Environment Magazine

Support the Blackmail 3, UK SHAC Activists with “Conspiracy to Blackmail” Charges

Posted on the 08 February 2014 by Earth First! Newswire @efjournal

“The strength of our movement depends on all of us and I hope that you can support us. Most of all keep fighting and be proud to be a compassionate person!” Debbie , Blackmail 3 defendant

from SchNEWS

blackmail3
The state-sponsored crackdown on animal rights activists continues next month, with the opening of the third ‘conspiracy to blackmail’ trial relating to vivisection giants Huntingdon Life Sciences in Winchester. Although there are three defendants, two are awaiting extradition from Holland, so the the third, Debbie, will stand trial alone.

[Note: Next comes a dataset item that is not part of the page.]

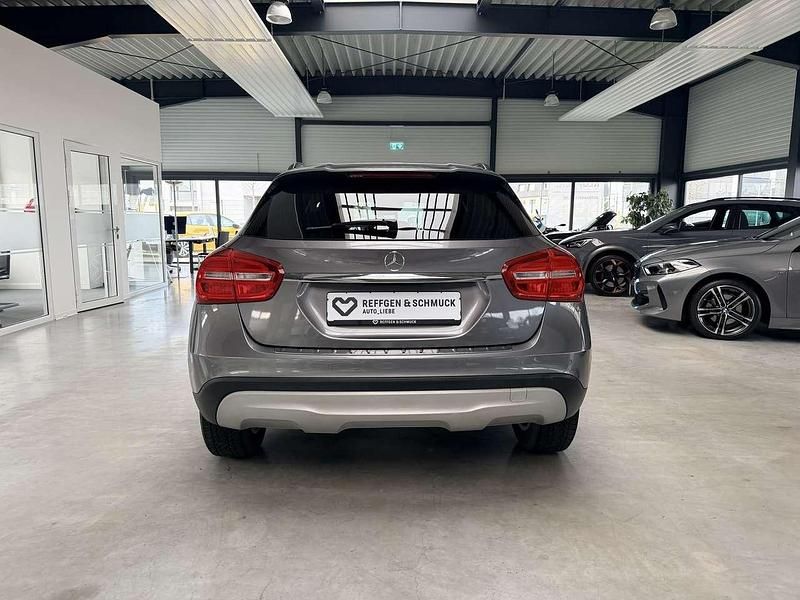 Gebraucht Mercedes GLA200 Style 156 PS (114 kW) 2016 Mountaingrau (metallic) SUV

This case is the most recent in the ongoing history of state repression against the incredibly successful anti-vivisection campaign SHAC (Stop Huntingdon Animal Cruelty), the campaign to close down Huntingdon Life Sciences (HLS) which started in 1999. HLS is a notorious contract animal testing laboratory in Cambridgeshire, which has 70,000 animals languishing within its walls at any one time. Companies outsource their vivisection to HLS to carry out pointless experiments, testing things such as printer ink, petrol and Splenda. Not surprisingly, the company has been exposed several times for gross animal cruelty (e.g. cutting monkeys open while they’re still conscious, we’ll spare you more of the details…).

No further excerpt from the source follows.